Please share your feedback and ideas both on here and on the code review.

2 Likes

cc: @qed

PR is here

1 Like

sorry for the late response. I think one of the downside of adding extra control flow around the loop is that it is likely to block other optimizations as the form of the loop is not as canonical. I wonder if this is a good fit for the existing moveLoopInvariantCode function.

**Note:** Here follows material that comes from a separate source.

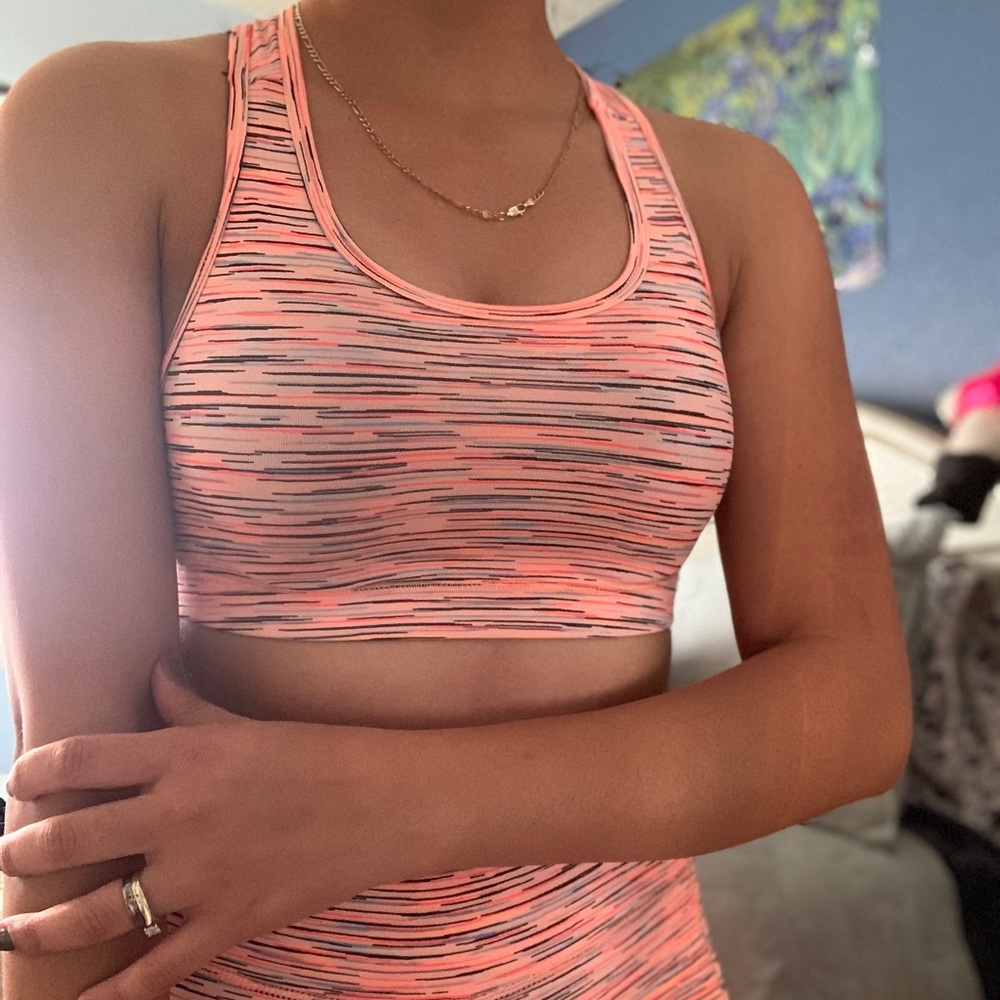 Peach workout set!!! 🍑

Maybe others have thoughts about that.

An alternative would be to generate something like:

  %cmp = arith.cmpi sge, %lb, %ub : index
  %pre = scf.if %cmp ->32 {
     %5 = "test.always_speculatable_op_with_memread"(%cst, %c42) : (tensor<64xi32>, index) -> i32
    scf.yield %r
   } else {
      %p = ub.poison : i32
      scf.yield %p
   }
  scf.for %i = %lb to %ub step
...

The decision of how to hoist becomes less obvious though.

Thanks for the response. We thought about that option too, i.e., instead of placing the loop under that speculative if check, only the hoisted code will be placed there. I’m not sure how the optimizations would perform differently though. If we are looking at optimizing the loop only, perhaps an unconditional out-of-loop value might make it easier? But for optimizations tracking the loop result, wrapping the loop under an if would make the result conditional.

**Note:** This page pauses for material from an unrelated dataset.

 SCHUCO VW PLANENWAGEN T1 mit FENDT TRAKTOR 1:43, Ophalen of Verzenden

Another thought is that how the if could be removed if the hoisted load can be run in a predicated way (not supported on MLIR). Would it make sense to clean up the if in a downstream pass (e.g, a Triton pass)?

1 Like

The parallel if and loop structure Thomas outlined does look more standard and closer to a canonical loop optimizer where loop unswitch is usually done first.

cc: @cxy

Thanks for the context. PR comment updated.

1 Like

@cxy Thanks for the comments on the PR. Do you have thoughts about Speculative LICM? - #12 by ThomasRaoux and Speculative LICM? - #14 by htyu? Once we have consensus on which route, I can start implementing and/or addressing the comments on the PR.

This implementation is more reasonable, and its impact on other optimizations outside of LICM can be minimized. In our downstream llvm, we have implemented licm also for operations with read/write effect and this is exactly how we do it.

But it’s still worth mentioning here, in some cases, it can also affect the accuracy of the analysis. Considering that we are performing reaching definitions analysis to the following program:

    A = alloc
    def A // op0
    for  {
       def A.subview0 // op1
       def A.subview1 // op2
    }
    use A

We can infer that the definition of A originates from op1 or from co-definition of op0/1/2.

If licm is performed on op1, we have our result:

    A = alloc
    def A // op0
    if xx (
       def A.subview0 // op1
    )
    for  {
       def A.subview1 // op2
    }
    use A

Performing reaching definitions analysis again on the program, the information that op1/2 must appear together is lost. Our analysis result includes the possibility of being defined only by op0/1, which does not exist in the original program.

Of course, this can be addressed by further optimizing the data flow analysis to obtain more precise results.

1 Like